PROVIDED RECORDS Start Marker

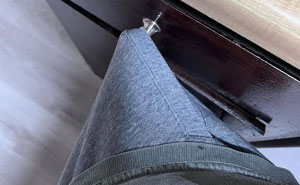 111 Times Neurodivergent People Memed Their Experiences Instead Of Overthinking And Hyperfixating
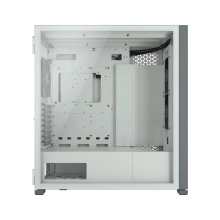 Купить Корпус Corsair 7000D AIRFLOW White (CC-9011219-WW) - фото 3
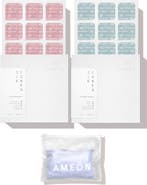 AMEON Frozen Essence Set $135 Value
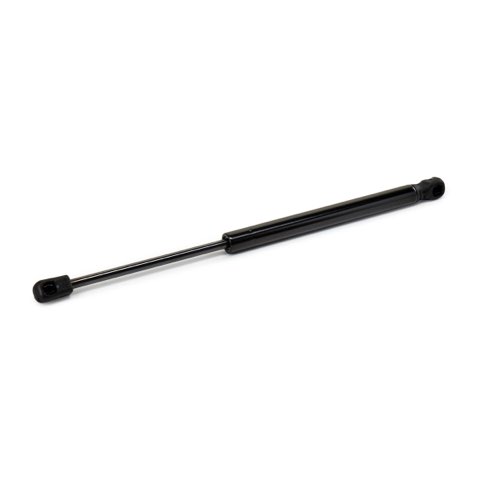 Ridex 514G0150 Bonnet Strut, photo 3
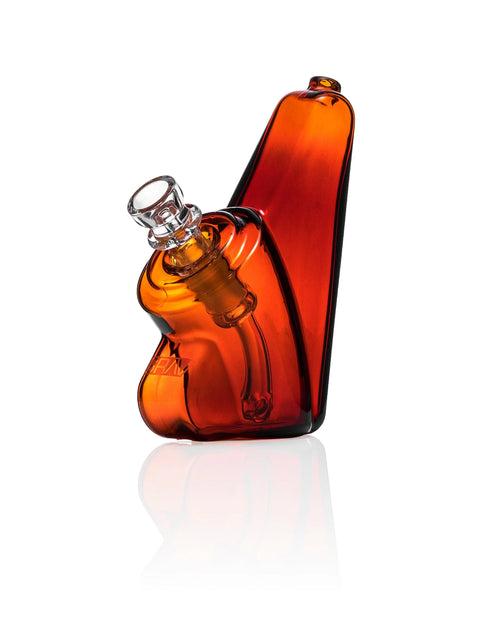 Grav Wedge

PROVIDED RECORDS End Marker
PROVIDED RECORDS Start Marker

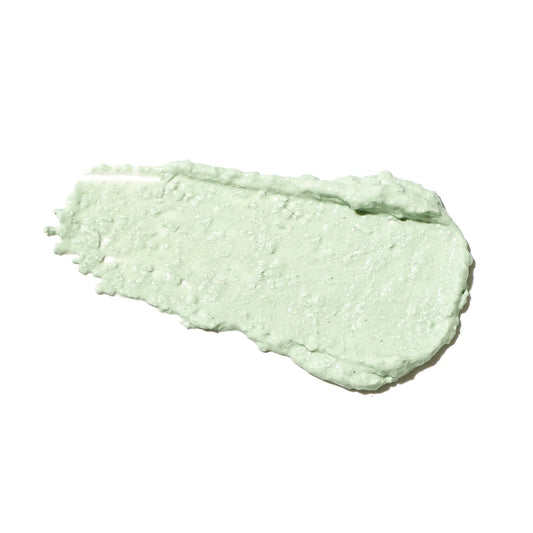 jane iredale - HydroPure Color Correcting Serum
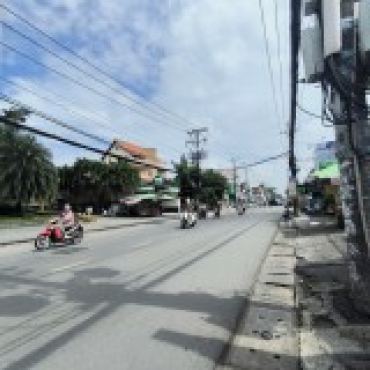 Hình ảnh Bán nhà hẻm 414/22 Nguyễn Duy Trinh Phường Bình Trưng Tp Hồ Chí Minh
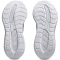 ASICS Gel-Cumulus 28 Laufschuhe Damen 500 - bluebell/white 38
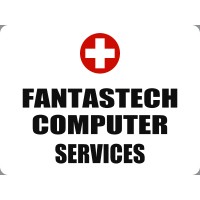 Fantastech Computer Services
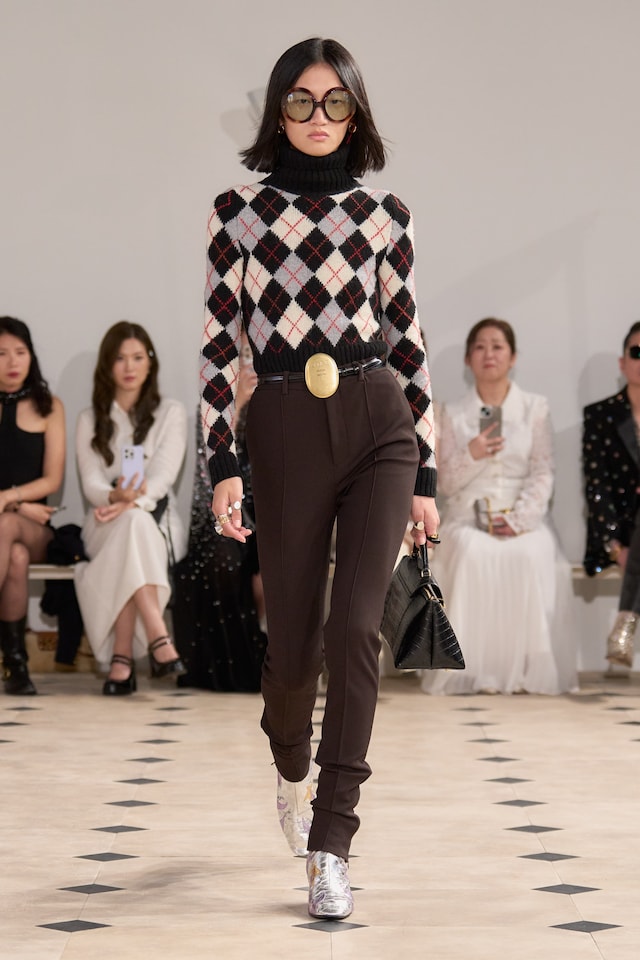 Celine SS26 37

PROVIDED RECORDS End Marker

_WHAT IS REQUIRED_
Look above and copy only the lines from the one holding "jane iredale - HydroPure" to the one holding "Celine SS26 37", both included, exactly, minus the pictures.

_YOUR RESPONSE_
 jane iredale - HydroPure Color Correcting Serum
 Hình ảnh Bán nhà hẻm 414/22 Nguyễn Duy Trinh Phường Bình Trưng Tp Hồ Chí Minh
 ASICS Gel-Cumulus 28 Laufschuhe Damen 500 - bluebell/white 38
 Fantastech Computer Services
 Celine SS26 37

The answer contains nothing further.